Then we milled a .085 recess in the bottom of the cross slide. The idea was to mill the bottom of the nut to fit the recess but have a larger lip for support. I failed to check to see if my drawing would fit the machine other then the cross slide. So in a pinch I turned the BP head to 45 and got it right. I drilled and tapped the top for a 1/4-20 and the nut it's self to a 7/16-20LH.








- - - Updated - - -

few more


----------



## Bill Gruby (May 4, 2014)

What material is that lead nut made from? Mine is Bronze and has been in use for two years now with no ill effects.

 "Billy G"


----------



## chuckorlando (May 4, 2014)

It's alum. I intend to make one from bronze with a turned nub to fit the oem hole. But my cast one is broke in half so I cant turn anything till I have a nut.


----------



## Bill Gruby (May 4, 2014)

Good on ya. Aluminum would not hold the thread tolerance long with a steel lead screw. The back pressure during even a moderate cut would soon end up in more problems like Backlash. I have to strip the cross-slide on mine today. I will post a picture of mine.

 "Billy G"


 The turned nub is called a "Spigot".


----------



## Bill Gruby (May 4, 2014)

Plain Jane. No need for anything else. I also did away with the Grub Screw that Jet had on it. It only cocks the nut causing more wear.

 "Billy G"


----------



## chuckorlando (May 4, 2014)

That would be great. I went with alum just for that reason. For a temporary solution I would just assume it leave no wear on the permanent parts. I had steel, alum, or cast iron so I just picked the softest.

Plus I learned alot through minor error. The next one will be much easier and cleaner I'd say. I would like to have machined the side angles as more then an after thought. I drew out the part and made it to the drawing. But in my hast I neglected to check the clearance on the carriage. My intent was a 1.0 x 0.9 nut. .9 is a .125 per side to much.
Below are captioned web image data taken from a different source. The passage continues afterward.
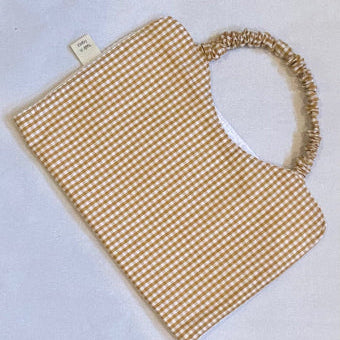 Bavoir cantine petits carreaux beige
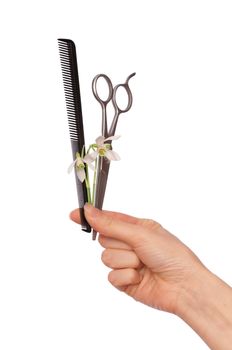 hairdresser holds the snowdrops and tools for haircut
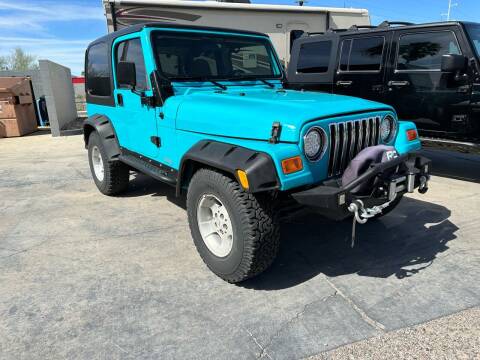 2000 Jeep Wrangler for sale at TANQUE VERDE MOTORS in Tucson AZ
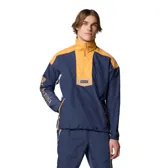 Campera cortaviento Columbia Riptide II Retro para hombre, color azul marino y amarillo mostaza. Diseño con media cremallera frontal, bolsillos laterales con cremallera, puños elásticos y dobladillo ajustable. Logo de Columbia bordado en el pecho y estampado en la manga.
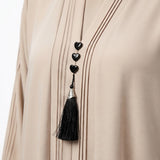 Close-up detail of Champagne Beige Pintuck Panel Gown showcasing vertical panel pintucks and heart studs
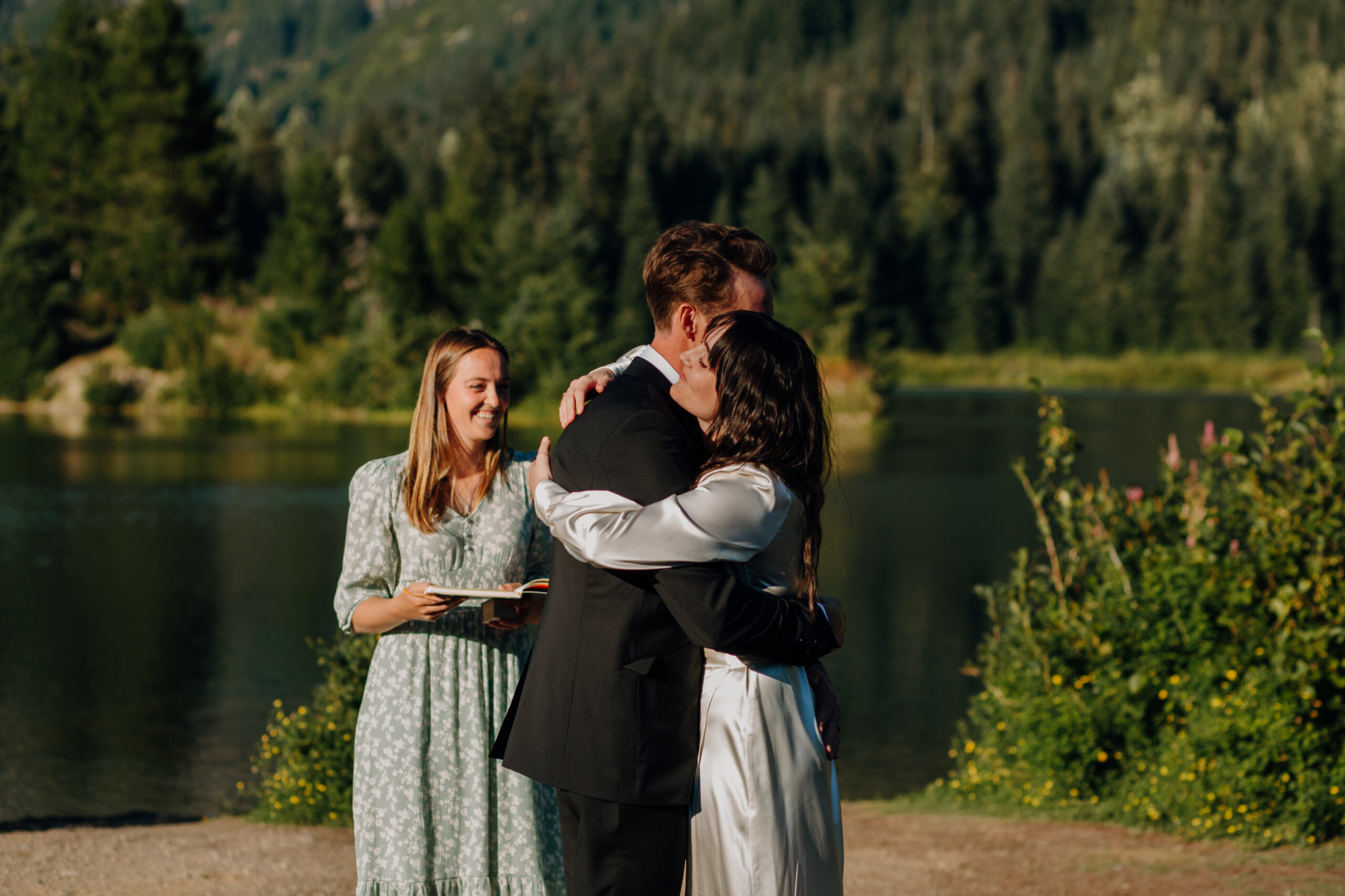Bride and Groom hold each other at Gold Creek Pond 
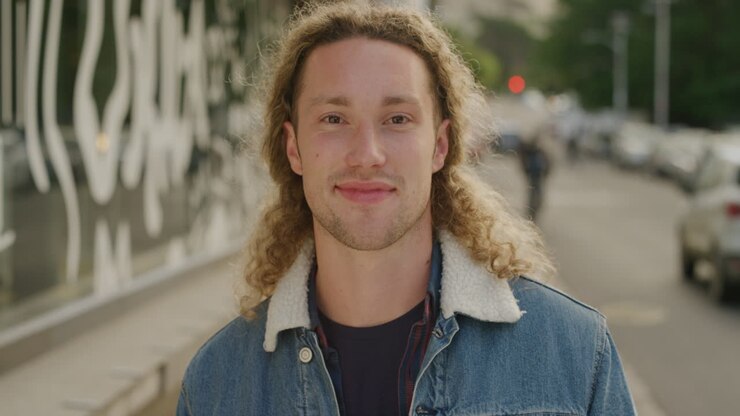 ritratto di un giovane felice che sorride guardando la telecamera godendo di uno stile di vita studentesco rilassato nella strada della città urbana serie di persone reali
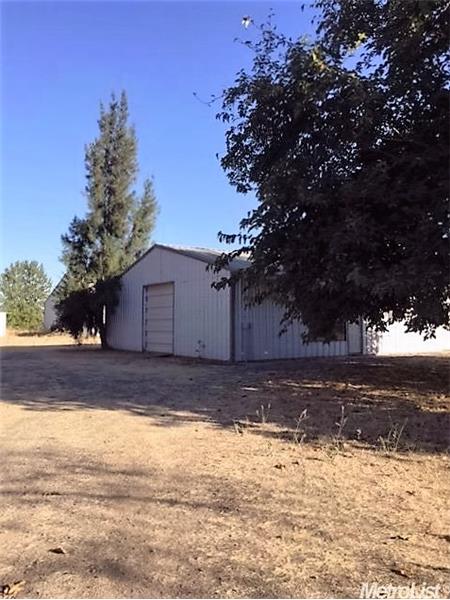 Barn with stalls and roll-up doors.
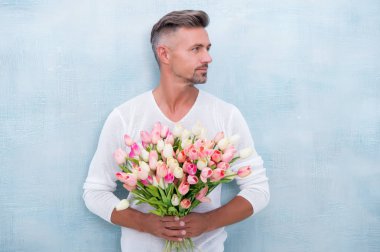 Onun için yumuşak laleler. Özel biri için. Lale buketli bir adam. Pembe laleler tutan yakışıklı bir adam. Çiçekli çekici bir adam. Seksi erkek sevgililer günü ya da doğum günü kutlaması için hediye taşır.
These cheap machines are expensive school books. Long as I'm learning

- - - Updated - - -

Thanks Bill. I assumed that screw just screwed into the screw. My oem nut must have been broke in that area as the screw had nothing over it but the screw. The nut was in front of it. So thats how I made mine


----------



## xman_charl (May 5, 2014)

Where is the beef?









Charl


----------